Italy is an encyclopedia of architecture and urban design, the reason I wanted to live there and experience first hand those works that stand as living testimony to its many centuries of creativity. Its then contemporary works of architecture – this was the 1950s – were no less instructive and they, along with the treasures of the past, have never ceased to inform my work as an architect. Certainly not to copy, but rather emulate. I want to mention two examples: contemporary memorials related to World War II, and the practice of utilizing design competitions.
There were two such Italian memorials, both the products of design competitions.
One is just outside of Rome, the Ardeatine Caves. It was created after the war to memorialize some 335 Italian civilians who were seized, brought to the caves and there murdered by the Nazis. This was in reprisal for an attack on German officers in 1944, at the time of the Allies’ invasion of Italy. The memorial consists of a large roof-like structure sheltering the graves of the 335 victims, its soft interior illumination provided only by a slim margin of light separating the roof from the ground.
The other is located in a cemetery in Milan, its purpose to honor the memory of Italians who had died in German concentration camps. It is a cube formed by a system of three-dimensional crosses proportioned on the Golden Mean, its center containing a clay bowl, the type of bowl from which prisoners ate. The bowl contains earth from all the camps.
These were very powerful experiences. So. too, was my appreciation of design competitions as a democratic way of seeking design excellence.
My career as an architect has taken many paths and followed many interests. Among them was further developing the technique for holding design competitions, about which I wrote a book.
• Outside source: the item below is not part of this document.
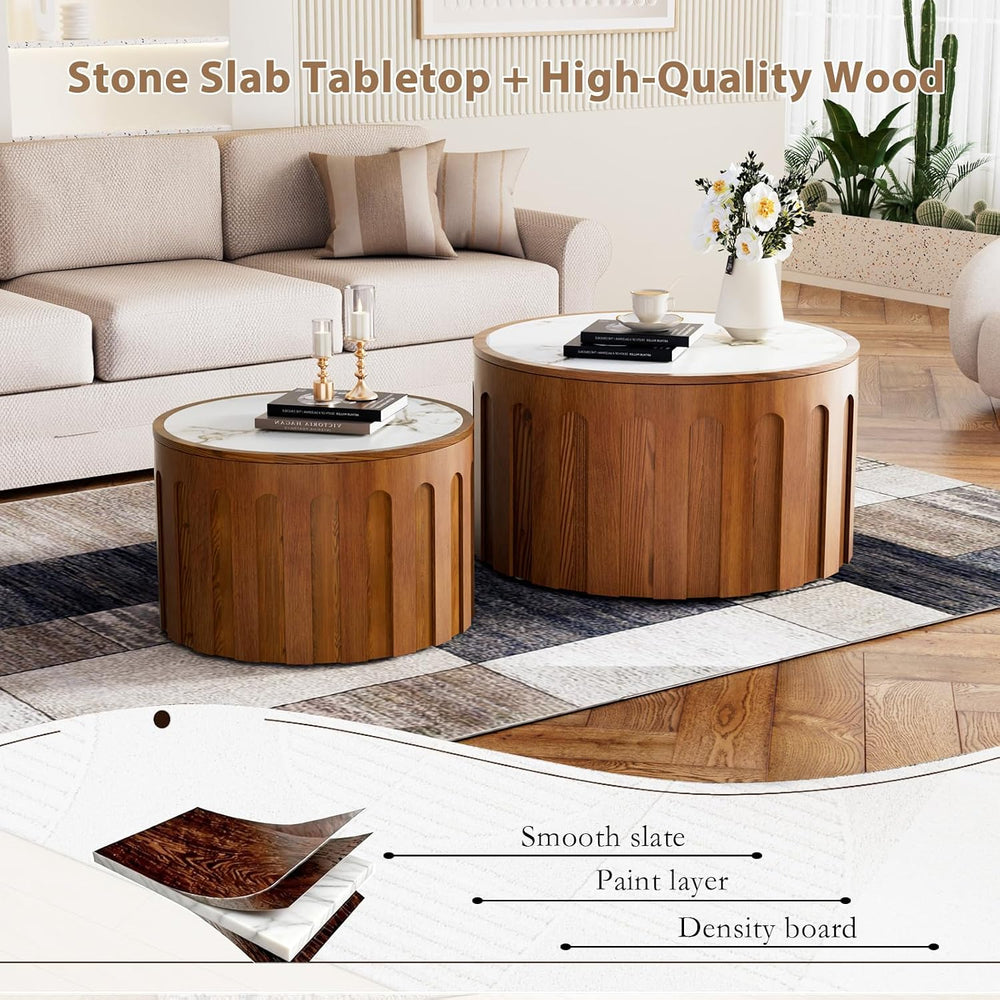 Modern Fluted Nesting Coffee Table Set of 2 | 26.4 in & 19.7 in Round Dru...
Its publication and other related involvements happened to coincide with the effort to create a Vietnam Veterans Memorial on the Mall in Washington. I was asked to organize and manage the design competition for that memorial. It was no small challenge and became the largest design competition held until that time, with 1,432 proposals. The memorial that stands on the Mall today, the result of that effort, was dedicated in 1981.
I cannot say that my experiences in Italy were the sole basis for my later role with the Vietnam Veterans Memorial or with design competitions, but either can I deny that they didn’t inform them, if only to implant in my mind the seeds of such pursuits.
So the Vietnam Veterans Memorial owes some degree of gratitude to Italy. So, too, is the Fulbright program that made my time in Italy possible to be appreciated for that and the innumerable benefits it has brought.